È evidente che la presenza di paradisi fiscali all’interno dell’Unione Europea si porta dietro una serie di complessità e di meccanismi economici che hanno implicazioni importanti sull’andamento e il monitoraggio dei mercati globali.
Riprendendo alcune recenti analisi pubblicate su Il Sole 24 Ore, proviamo oggi a cercare di capire come la politica finanziaria di alcuni Paesi europei con regole diverse rispetto a quelle tradizionali abbia delle ripercussioni sull’intero sistema.
Pensiamo per esempio a nazioni come Irlanda e Paesi Bassi: entrambe le giurisdizioni, si sa, attraggono società che hanno scarsa presenza sul territorio nazionale. È un modello capace di attirare enormi capitali esteri, tassandoli poco o nulla in percentuale, e di rendere tali Paesi veicoli di “capitale fantasma”.

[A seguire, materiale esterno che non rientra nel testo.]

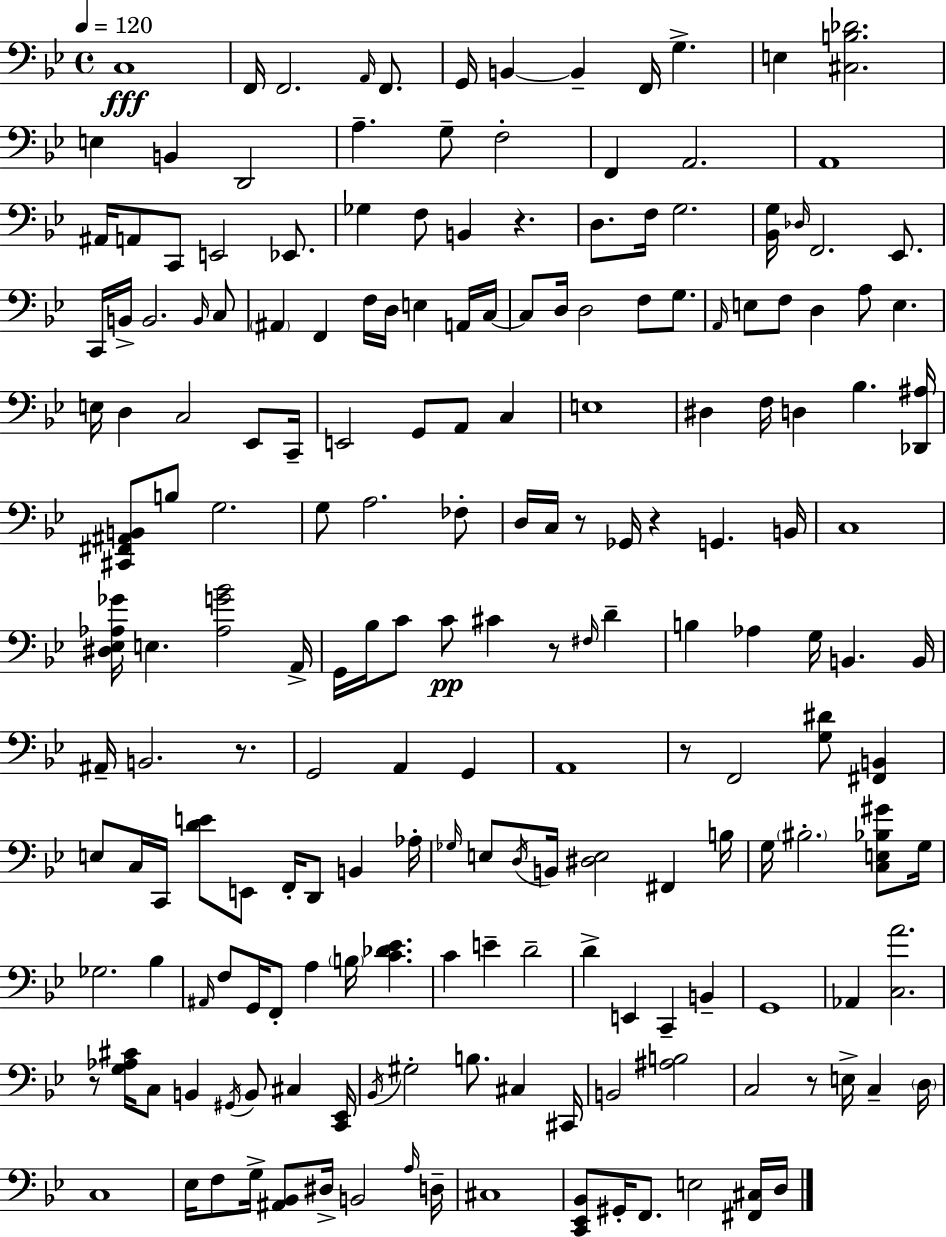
X:1
T:Untitled
M:4/4
L:1/4
K:Bb
C,4 F,,/4 F,,2 A,,/4 F,,/2 G,,/4 B,, B,, F,,/4 G, E, [^C,B,_D]2 E, B,, D,,2 A, G,/2 F,2 F,, A,,2 A,,4 ^A,,/4 A,,/2 C,,/2 E,,2 _E,,/2 _G, F,/2 B,, z D,/2 F,/4 G,2 [_B,,G,]/4 _D,/4 F,,2 _E,,/2 C,,/4 B,,/4 B,,2 B,,/4 C,/2 ^A,, F,, F,/4 D,/4 E, A,,/4 C,/4 C,/2 D,/4 D,2 F,/2 G,/2 A,,/4 E,/2 F,/2 D, A,/2 E, E,/4 D, C,2 _E,,/2 C,,/4 E,,2 G,,/2 A,,/2 C, E,4 ^D, F,/4 D, _B, [_D,,^A,]/4 [^C,,^F,,^A,,B,,]/2 B,/2 G,2 G,/2 A,2 _F,/2 D,/4 C,/4 z/2 _G,,/4 z G,, B,,/4 C,4 [^D,_E,_A,_G]/4 E, [_A,G_B]2 A,,/4 G,,/4 _B,/4 C/2 C/2 ^C z/2 ^F,/4 D B, _A, G,/4 B,, B,,/4 ^A,,/4 B,,2 z/2 G,,2 A,, G,, A,,4 z/2 F,,2 [G,^D]/2 [^F,,B,,] E,/2 C,/4 C,,/4 [DE]/2 E,,/2 F,,/4 D,,/2 B,, _A,/4 _G,/4 E,/2 D,/4 B,,/4 [^D,E,]2 ^F,, B,/4 G,/4 ^B,2 [C,E,_B,^G]/2 G,/4 _G,2 _B, ^A,,/4 F,/2 G,,/4 F,,/2 A, B,/4 [C_D_E] C E D2 D E,, C,, B,, G,,4 _A,, [C,A]2 z/2 [G,_A,^C]/4 C,/2 B,, ^G,,/4 B,,/2 ^C, [C,,_E,,]/4 _B,,/4 ^G,2 B,/2 ^C, ^C,,/4 B,,2 [^A,B,]2 C,2 z/2 E,/4 C, D,/4 C,4 _E,/4 F,/2 G,/4 [^A,,_B,,]/2 ^D,/4 B,,2 A,/4 D,/4 ^C,4 [C,,_E,,_B,,]/2 ^G,,/4 F,,/2 E,2 [^F,,^C,]/4 D,/4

Solo gli Stati Uniti investono ufficialmente circa 450 miliardi di dollari in obbligazioni e azioni emesse da compagnie irlandesi e più di 500 miliardi in quelle olandesi: di fatto queste compagnie non sono né irlandesi né olandesi, ma semplicemente scatole legali vuote.
Per capire quanto speciali siano i Paesi Bassi e l’Irlanda basta un confronto con Paesi come Germania e l’Italia: qui la quasi totalità delle obbligazioni societarie emesse, ovvero il 97%, appartiene a compagnie nazionali. In sostanza, la politica economica internazionale deve fare attenzione alle reali esposizioni finanziarie per non basare le decisioni su dati e fatti distorti dai paradisi fiscali.

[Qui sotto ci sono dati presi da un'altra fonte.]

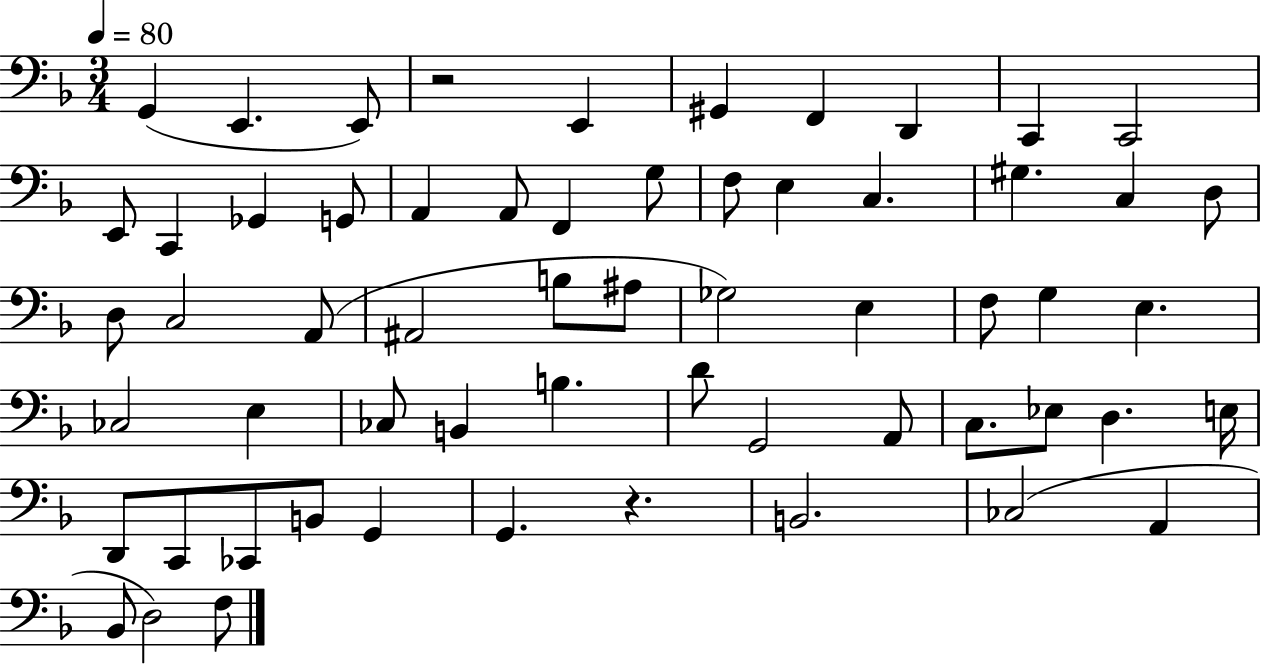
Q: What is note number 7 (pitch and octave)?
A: D2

Emerge un modello economico molto differente tra paradisi fiscali e Paesi con fiscalità ”tradizionale” all’interno del territorio europeo, e i rispettivi dati difficilmente si possono comparare proprio per la loro diversità intrinseca di fondo.
Pensiamo a un altro esempio. In Lussemburgo, Paese fondatore dell’UE e tra i maggiori paradisi fiscali del continente, ogni dipendente di una multinazionale americana produce ogni anno quasi 9 milioni di dollari di utili. Mentre in Italia ogni dipendente di una società Usa produce 45.000 dollari, in Germania ne produce 46.000, in Francia 36.000 e in Spagna 34.000. Come può, il Lussemburgo, Paese con un prodotto interno lordo che è lo 0,1% del Pil mondiale, registrare questi numeri esorbitanti in confronto alle potenze industriali europee? Guardando queste cifre i profitti registrati dalle società statunitensi in Lussemburgo sono pari al 94% del Pil del Granducato.
Gli esempi sopra riportati sono sufficienti a capire che difficilmente si possono comparare i dati tra Paesi interni alla comunità Europea, né tanto meno basare scelte economiche globali su questi numeri che sono evidentemente falsati dalla presenza di una fiscalità che non rientra nei canoni tradizionali.